5. It's an iPhone Replacement. The best thing about the iPhone is… not the phone part. As a phone, the iPhone is expensive to purchase, and costs a lot more per month than just about any alternative and you're stuck with crappy AT&T which has the worst customer ratings of any major cell service. In fact, the only reason to buy an iPhone, other than as a expensive status symbol, is because it's also the best small web surfing mobile computer. Oh, well, it was. Now the iPad is. The iPad is much better at doing just about everything people really needed an iPhone to do, except calling. Checking e-mail, maps, the web, etc. The iPhone is a classic example as a Jack of all trades master of none. Yes, if you only want one device in your pocket, the iPhone is it. But if you're planning any serious computer work, you usually carry an iPhone and a laptop. While the iPad is meant as an alternative to the laptop, and it is, it handles a lot of iPhone functions better than the iPhone. I can't be the only one that thinks a better combination would be a cheap disposable cell phone (with a no contract T-Mobile connection), a iPod nano, and an iPad in my backpack. This isn't to say that the iPhone is going away. But the iPad could seriously effect it's growth, especially if AT&T continues to charge a premium for servicing it. Budget minded students in particular might use the iPad as an iPhone replacement, meaning no long term contract, no voice and messaging charges for AT&T. On top of that, Apple fans who hate AT&T will finally have a meaningful way to express themselves even in advance of AT&T losing it's exclusive iPhone deal. How many people hate AT&T enough to dump their iPhone's now that the iPad provides an unlocked alternative? It will be interesting to see.

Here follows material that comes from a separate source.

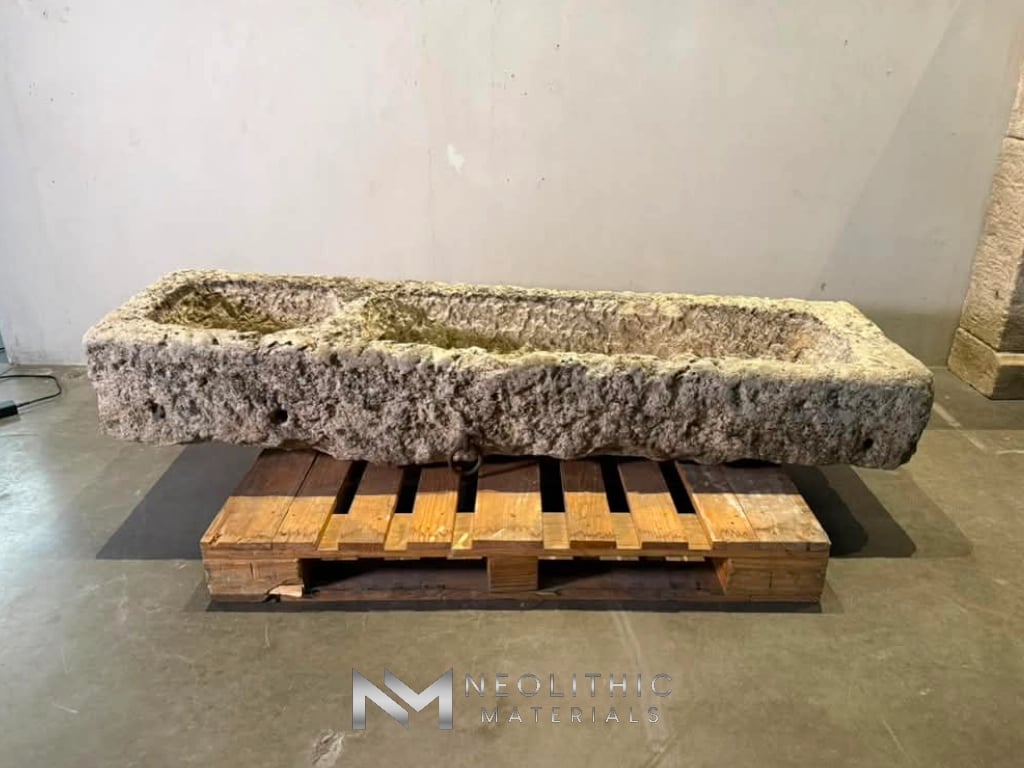 French Antique Limestone Trough - Image 1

If the iPad is so bad for AT&T, why did it even make a deal to support it? Because it had no choice. All the problems above don't go away if AT&T isn't the 3G provider. In fact, they all get worse if T-Mobile or Verizon has the contract. If some customers (and many future ones) switch from iPhones to iPad's at least AT&T gets a piece of that wireless revenue. AT&T was backed into a corner and had to make Apple a competitive deal. That's why Randall Stephenson sounds as excited as a groom at a shotgun wedding. Because both barrels of the iPad are aimed at his head.
All an all, the iPad isn't good news for AT&T. But it might be good news for it's abused customers. Revenge is sweet. Thanks Apple!
UPDATE 4/3/2010: Apple's wi-fi iPad is on sale now. A search for "ipad" on AT&T's official website comes up with zero results and a soft, sad comment: "Did you mean: iphone?"